Some things that could help:
- Workshops that bring people together. It's harder to misinterpret someone's work when they are describing it in front of you, and it's easier to make fast progress towards a common goal (and to increase the salience of the goal).
- Explicitly recognizing that the community is small and needs nurturing. It's natural for people to at first be scared that someone else is in their coveted area (career concerns), but overall I think it might be a good thing even on a personal level. It's such a neglected topic that if people work together and help bring attention to it real progress could be made. In contrast, sometimes you see a subfield where people are so busy tearing down each other's work that nothing can get published or funded - a much worse equilibrium.
Bringing people together is hugely important to working constructively.
undefined @ 2018-05-21T17:56 (+2)
I also conduct research on the generalizability issue, but from a different perspective.

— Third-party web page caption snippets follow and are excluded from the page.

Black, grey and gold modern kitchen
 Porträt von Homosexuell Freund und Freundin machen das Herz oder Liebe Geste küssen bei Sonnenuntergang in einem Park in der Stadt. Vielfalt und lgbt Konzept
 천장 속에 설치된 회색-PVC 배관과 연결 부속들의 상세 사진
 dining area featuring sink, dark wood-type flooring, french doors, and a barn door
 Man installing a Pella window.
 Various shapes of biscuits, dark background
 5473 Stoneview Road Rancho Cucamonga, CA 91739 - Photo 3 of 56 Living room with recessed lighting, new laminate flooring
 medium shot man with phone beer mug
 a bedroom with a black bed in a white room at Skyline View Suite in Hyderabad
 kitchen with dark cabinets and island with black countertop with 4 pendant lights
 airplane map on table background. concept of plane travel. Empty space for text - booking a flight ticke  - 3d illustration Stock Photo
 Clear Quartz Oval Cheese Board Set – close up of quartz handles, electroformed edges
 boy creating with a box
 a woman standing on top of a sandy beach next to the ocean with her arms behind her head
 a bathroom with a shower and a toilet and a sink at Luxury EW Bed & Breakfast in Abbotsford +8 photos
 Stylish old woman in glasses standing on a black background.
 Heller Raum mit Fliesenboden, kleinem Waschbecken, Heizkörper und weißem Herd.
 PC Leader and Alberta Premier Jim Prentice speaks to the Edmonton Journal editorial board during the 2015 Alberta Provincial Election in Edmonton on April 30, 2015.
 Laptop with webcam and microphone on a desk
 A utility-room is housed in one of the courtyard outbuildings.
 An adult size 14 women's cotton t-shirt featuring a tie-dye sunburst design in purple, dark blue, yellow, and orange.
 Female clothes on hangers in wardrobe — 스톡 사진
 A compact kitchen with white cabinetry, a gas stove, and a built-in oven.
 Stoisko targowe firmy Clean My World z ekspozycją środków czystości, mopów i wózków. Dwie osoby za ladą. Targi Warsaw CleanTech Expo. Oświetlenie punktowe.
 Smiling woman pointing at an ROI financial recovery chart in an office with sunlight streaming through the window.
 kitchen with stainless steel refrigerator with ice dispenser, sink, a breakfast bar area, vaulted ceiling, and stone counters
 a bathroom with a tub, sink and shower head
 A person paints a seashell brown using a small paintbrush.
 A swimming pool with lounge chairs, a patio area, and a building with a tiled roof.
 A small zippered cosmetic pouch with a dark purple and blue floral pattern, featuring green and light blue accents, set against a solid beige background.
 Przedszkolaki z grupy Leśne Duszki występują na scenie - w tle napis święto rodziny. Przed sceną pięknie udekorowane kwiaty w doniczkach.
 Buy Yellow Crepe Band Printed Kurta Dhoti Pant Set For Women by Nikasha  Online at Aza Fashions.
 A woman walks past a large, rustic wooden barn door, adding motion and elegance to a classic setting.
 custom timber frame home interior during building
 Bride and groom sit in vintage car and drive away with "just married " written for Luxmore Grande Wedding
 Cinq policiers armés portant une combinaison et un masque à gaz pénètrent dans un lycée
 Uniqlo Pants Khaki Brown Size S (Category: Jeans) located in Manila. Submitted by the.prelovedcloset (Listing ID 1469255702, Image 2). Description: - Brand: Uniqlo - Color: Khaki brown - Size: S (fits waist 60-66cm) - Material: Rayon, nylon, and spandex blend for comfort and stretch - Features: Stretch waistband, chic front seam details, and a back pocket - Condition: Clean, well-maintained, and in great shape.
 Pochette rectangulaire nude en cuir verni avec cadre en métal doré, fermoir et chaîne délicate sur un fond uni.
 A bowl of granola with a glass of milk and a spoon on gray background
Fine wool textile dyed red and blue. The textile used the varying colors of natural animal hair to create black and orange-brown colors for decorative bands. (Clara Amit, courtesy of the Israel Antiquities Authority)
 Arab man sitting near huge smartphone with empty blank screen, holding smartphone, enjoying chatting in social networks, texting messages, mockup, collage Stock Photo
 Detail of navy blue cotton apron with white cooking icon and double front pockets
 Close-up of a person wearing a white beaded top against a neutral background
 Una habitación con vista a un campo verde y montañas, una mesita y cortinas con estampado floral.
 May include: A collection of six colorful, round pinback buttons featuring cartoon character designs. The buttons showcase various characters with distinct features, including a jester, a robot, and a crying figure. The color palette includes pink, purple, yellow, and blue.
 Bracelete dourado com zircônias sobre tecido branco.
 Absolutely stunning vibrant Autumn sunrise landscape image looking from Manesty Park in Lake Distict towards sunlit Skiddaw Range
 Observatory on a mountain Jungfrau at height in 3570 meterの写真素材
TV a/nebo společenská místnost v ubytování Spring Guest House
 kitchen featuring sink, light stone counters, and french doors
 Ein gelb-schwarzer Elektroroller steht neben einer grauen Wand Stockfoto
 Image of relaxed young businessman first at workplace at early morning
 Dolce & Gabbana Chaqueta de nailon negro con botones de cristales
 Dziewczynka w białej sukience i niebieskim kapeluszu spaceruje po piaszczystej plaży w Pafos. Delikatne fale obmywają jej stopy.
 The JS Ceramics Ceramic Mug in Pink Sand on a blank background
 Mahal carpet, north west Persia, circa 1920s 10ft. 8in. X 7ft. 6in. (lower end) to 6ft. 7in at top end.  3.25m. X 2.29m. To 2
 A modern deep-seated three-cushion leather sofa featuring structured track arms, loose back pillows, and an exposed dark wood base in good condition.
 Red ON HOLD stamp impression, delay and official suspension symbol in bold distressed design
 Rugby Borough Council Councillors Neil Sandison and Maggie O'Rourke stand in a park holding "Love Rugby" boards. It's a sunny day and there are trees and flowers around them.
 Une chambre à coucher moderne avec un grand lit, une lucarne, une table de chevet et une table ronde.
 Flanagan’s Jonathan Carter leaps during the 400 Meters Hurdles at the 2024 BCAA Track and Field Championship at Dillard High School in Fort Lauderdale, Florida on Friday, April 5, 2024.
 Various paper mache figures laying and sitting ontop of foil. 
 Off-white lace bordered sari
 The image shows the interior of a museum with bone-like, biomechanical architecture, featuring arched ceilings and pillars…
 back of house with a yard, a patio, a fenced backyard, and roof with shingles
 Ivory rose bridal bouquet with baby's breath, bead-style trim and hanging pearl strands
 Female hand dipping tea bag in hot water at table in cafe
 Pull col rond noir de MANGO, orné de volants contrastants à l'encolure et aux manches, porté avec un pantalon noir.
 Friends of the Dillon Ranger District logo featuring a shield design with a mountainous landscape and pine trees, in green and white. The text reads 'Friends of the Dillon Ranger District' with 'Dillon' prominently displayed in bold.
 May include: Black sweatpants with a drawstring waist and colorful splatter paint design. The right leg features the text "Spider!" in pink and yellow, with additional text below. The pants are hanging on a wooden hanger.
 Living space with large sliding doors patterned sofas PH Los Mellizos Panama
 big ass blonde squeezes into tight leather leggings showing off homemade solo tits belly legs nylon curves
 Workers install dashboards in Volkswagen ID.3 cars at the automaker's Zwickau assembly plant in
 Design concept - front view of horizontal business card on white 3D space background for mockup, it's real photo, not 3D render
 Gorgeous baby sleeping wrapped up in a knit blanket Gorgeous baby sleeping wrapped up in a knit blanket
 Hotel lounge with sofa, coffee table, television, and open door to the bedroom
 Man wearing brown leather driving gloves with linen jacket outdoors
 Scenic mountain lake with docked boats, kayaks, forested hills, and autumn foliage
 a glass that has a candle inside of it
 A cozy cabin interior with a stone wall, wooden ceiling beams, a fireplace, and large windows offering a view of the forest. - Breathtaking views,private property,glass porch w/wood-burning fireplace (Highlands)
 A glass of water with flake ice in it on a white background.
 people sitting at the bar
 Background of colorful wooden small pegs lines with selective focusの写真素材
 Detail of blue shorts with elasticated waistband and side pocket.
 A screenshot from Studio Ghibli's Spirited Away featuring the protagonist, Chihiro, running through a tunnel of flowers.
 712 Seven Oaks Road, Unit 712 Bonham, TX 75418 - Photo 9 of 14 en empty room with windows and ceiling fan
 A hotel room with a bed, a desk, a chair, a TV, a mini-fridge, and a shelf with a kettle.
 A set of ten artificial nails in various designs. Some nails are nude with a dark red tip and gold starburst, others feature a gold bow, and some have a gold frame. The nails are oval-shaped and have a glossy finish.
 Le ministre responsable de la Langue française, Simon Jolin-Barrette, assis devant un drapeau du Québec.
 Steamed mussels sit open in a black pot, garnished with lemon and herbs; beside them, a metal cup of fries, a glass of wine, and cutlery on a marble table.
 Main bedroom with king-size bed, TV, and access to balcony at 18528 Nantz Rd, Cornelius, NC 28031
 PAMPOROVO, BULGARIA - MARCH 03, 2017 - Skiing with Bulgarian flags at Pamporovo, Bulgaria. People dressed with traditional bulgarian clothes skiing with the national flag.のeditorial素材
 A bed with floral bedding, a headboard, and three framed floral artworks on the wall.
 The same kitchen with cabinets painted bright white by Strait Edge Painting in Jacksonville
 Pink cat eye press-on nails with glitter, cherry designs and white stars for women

In my view, any attempt to measure effect heterogeneity (and by extension, research generalizability) is scale dependent. It is very difficult to tease apart genuine effect heterogeneity from the appearance of heterogeneity due to using an inappropriate scale to measure the effects.
In order to to get around this, I have constructed a new scale for measuring effects, which I believe is more natural than the alternative measures. My work on this is available on arXiv at https://arxiv.org/abs/1610.00069 . The paper has been accepted for publication at the journal Epidemiologic Methods, and I plan to post a full explanation of the idea here and on Less Wrong when it is published (presumably, this will be a couple of weeks from now).
I would very much appreciate feedback on this work, and as always, I operate according to Crocker's Rules.
undefined @ 2018-05-21T18:39 (+2)
I think counterfactual outcome state transition parameters is a bad name in that it doesn't help people identify where and why they should use it, nor does it communicate all that well what it really is. I'd want to thesaurus each of the key terms in order to search for something punchier. You might object that essentially 'marketing' an esoteric statistics concept seems perverse, but papers with memorable titles do in fact outperform according to the data AFAIK. Sucks but what can you do?
I bother to go into this because this research area seems important enough to warrant attention and I worry it won't get it.
undefined @ 2018-05-21T18:48 (+1)
Thank you! I will think about whether I can come up with a catchier name for future publications (and about whether the benefits outweight the costs of rebranding).
If anyone has suggestions for a better name (for an effect measure that intuitively measures the probability that the exposure switches a person's outcome state), please let me know!